Per quanto riguarda la provincia di Chieti, l’area vastese risulta particolarmente esposta a costanti tentativi di infiltrazione da parte di sodalizi collegati alla criminalità organizzata pugliese e albanese. In particolare, i sodalizi foggiani, quelli del Gargano e di San Severo, di­mostrano una spiccata propensione al traffico degli stupefacenti. Relativamente alla presenza di criminalità straniera, sul territorio teatino appaiono particolar­mente attive le etnie albanesi dedite allo spaccio delle sostanze stupefacenti, che si avvalgono anche della storica comunità sinti presente sulla costa. L’attività di monitoraggio degli appalti del Gruppo Provinciale Interforze ha consentito al Pre­fetto di Chieti di emettere, il 31 agosto 2021, una misura interdittiva nei confronti di una ditta riconducibile a una albanese con precedenti per associazione finalizzata al traffico di stupefa­centi.

Nella provincia teramana sarebbe confermata la presenza di pregiudicati campani, nonché di pregiudicati calabresi vicini a una cosca mafiosa Gioia Tauro. Lo spaccio di sostanze stupefacenti nel territorio teramano sarebbe prevalente­mente appannaggio  di albanesi, oltre che delle famiglie stanziali di etnia Rom. Per quanto riguarda fenomeni di delinquenza comune, continuano ad avere un certo impatto le truffe ai danni degli anziani e quelle on-line.

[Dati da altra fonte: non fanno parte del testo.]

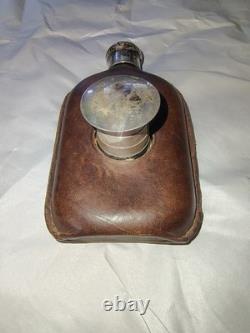 Antique Black Starr & Frost Sterling Silver Leather Flask Telescoping Shot Glass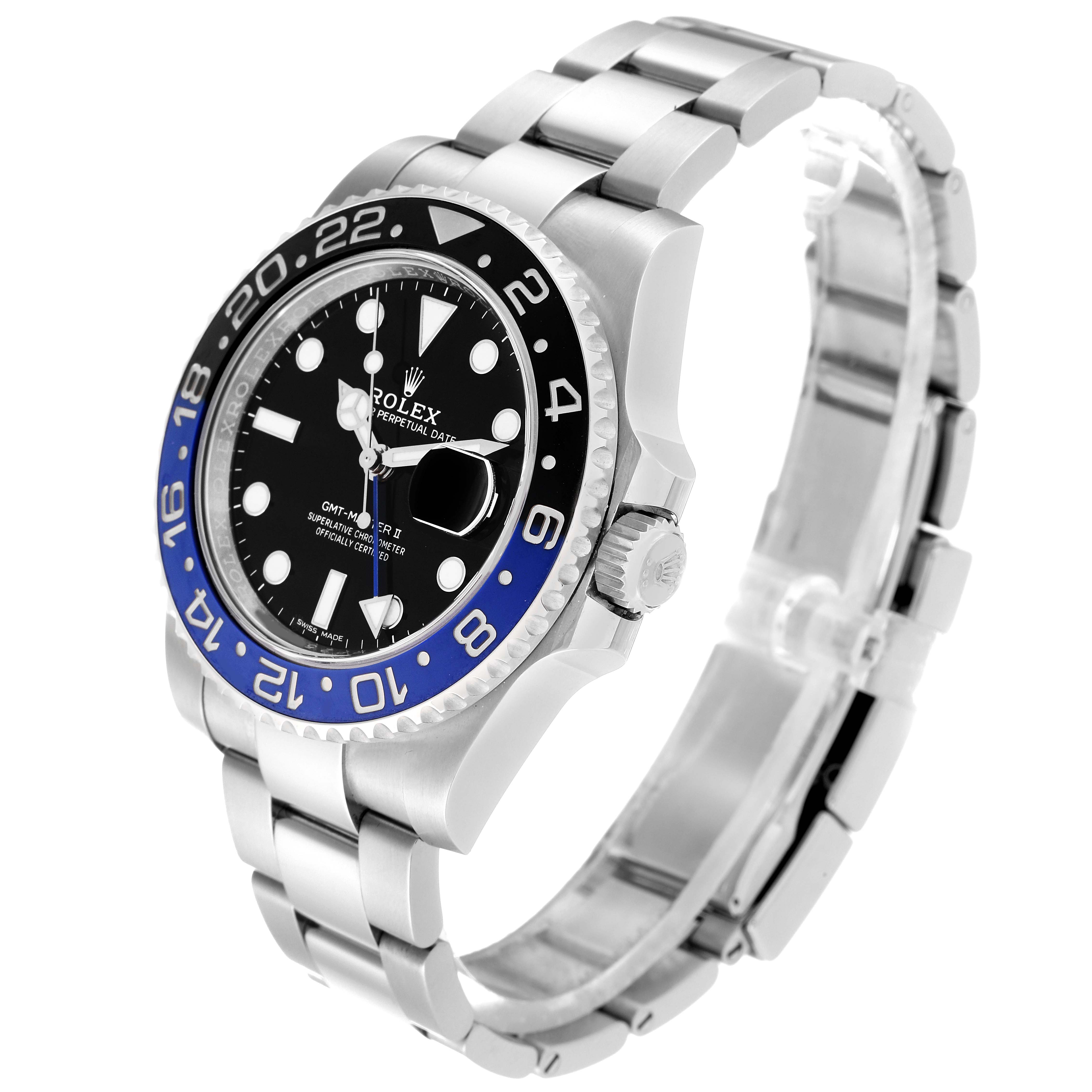 This image shows a Rolex GMT-Master 116710BLNR Men
s Stainless Steel Black Dial 116710BLNR Men
s Stainless Steel Black Dial watch angled to highlight the case, bezel, dial, crown, and bracelet.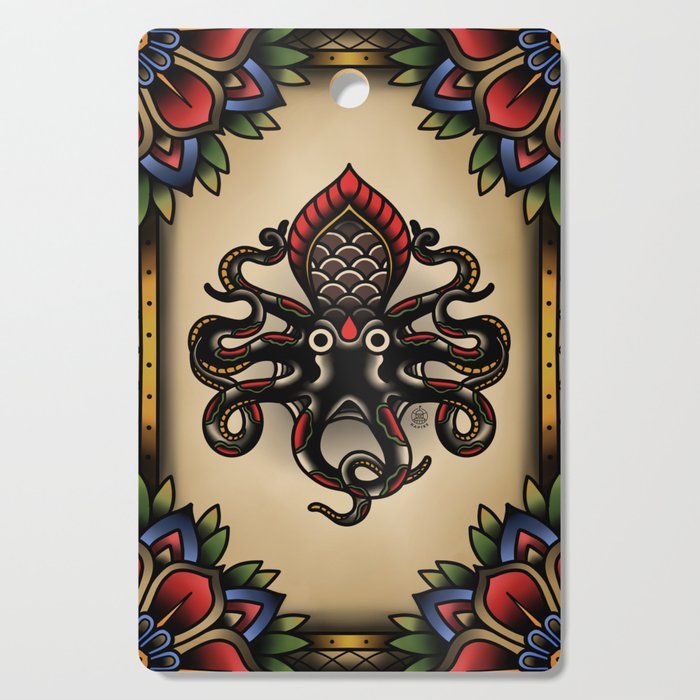 Traditional Tattoo Octopus  Cutting Board Gallery Image 1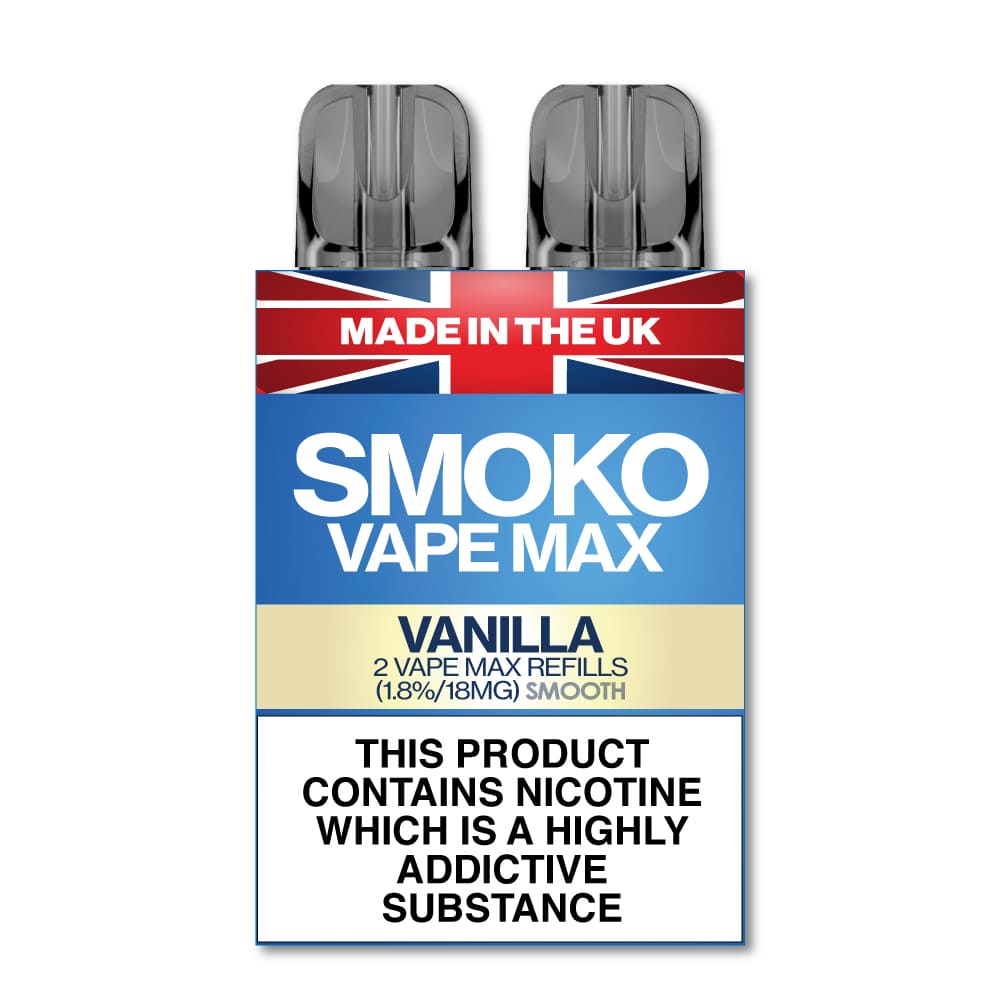 Saveur VANILLE Recharges VAPE MAX - Vapes fabriques au Royaume-Uni SMOKO E Cigarettes Saveur VANILLE Recharges VAPE MAX - Vapes fabriques au Royaume-Uni SMOKO E Cigarettes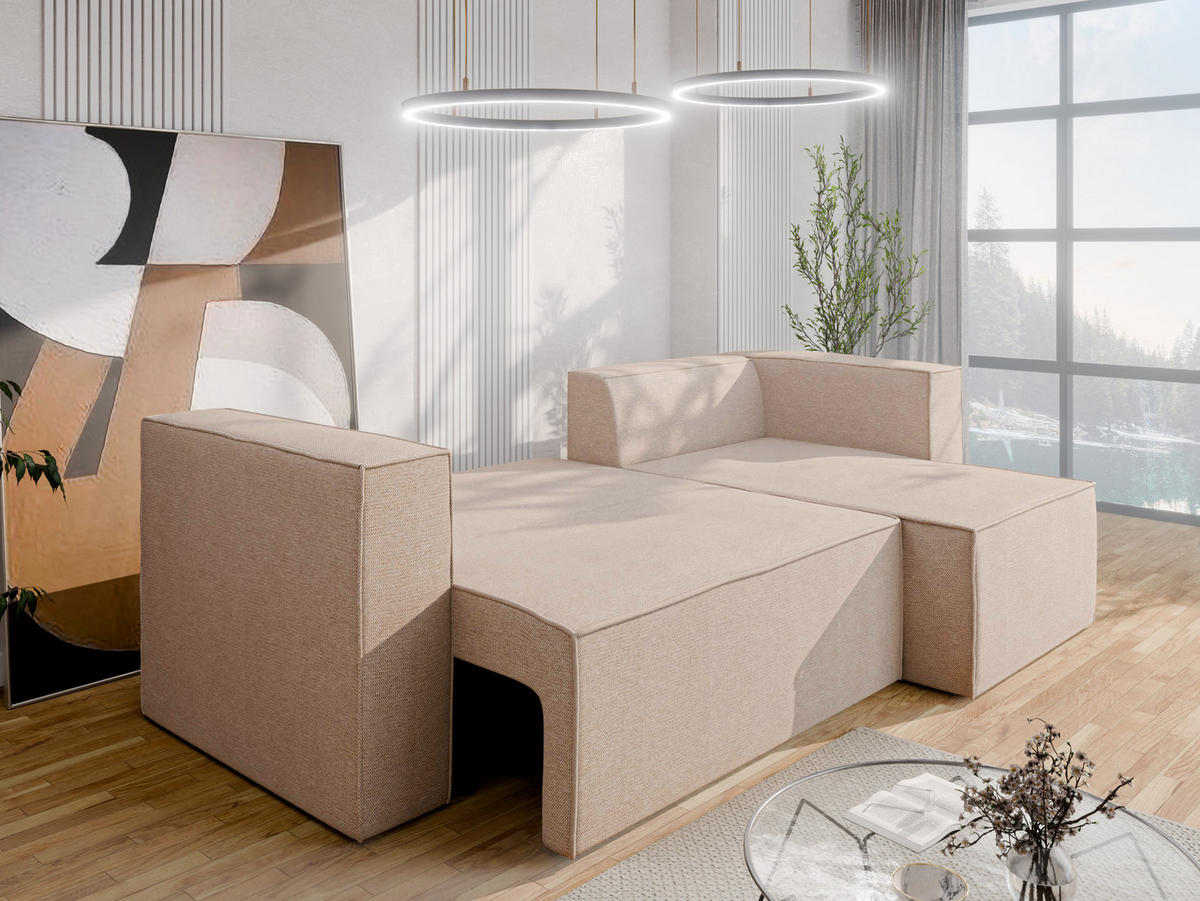 ECKSCHLAFSOFA AURIX Schlafsofa mit Bettkasten, Beige - Beige, Holz (150/244cm) - Panda Möbel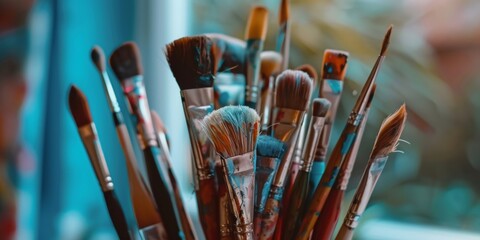 Multiple artistic paint brushes of different shapes and sizes seen up close, neatly stored in a cup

La provincia di Pescara mantiene sempre alto il rischio di infiltrazione criminale. Infatti il capoluogo, oltre ad essere il più grande agglomerato urbano della Regione, rappresenta uno snodo di primaria importanza per quanto riguarda i collegamenti autostradali, in particolare tra Roma e il Sud Italia tra l’Adriatico settentrionale e meridionale, ed è inoltre sede del più importante porto della regione. L’area metropolitana, anche in virtù della sua posizione ge­ografica, parrebbe esposta al pericolo di infiltrazioni malavitose da parte di organizzazioni criminali in particolare pugliesi e campane, soprattutto nel settore industriale e commerciale. Nel territorio in esame, grazie anche ai collegamenti con i paesi balcanici, si evidenziano significative presenze di comunità straniere, in particolare albanesi e macedoni, spesso coinvolte nel traffico di sostanze stupefacenti e nello sfruttamento della prostituzione. Dalle risultanze investigative, inoltre, sull’intera area metropolitana emerge la presenza di altri gruppi di etnia Rom, dediti allo spaccio di sostanze stupefa­centi, all’usura, al gioco d’azzardo, alle truffe, alle estorsioni e al riciclaggio.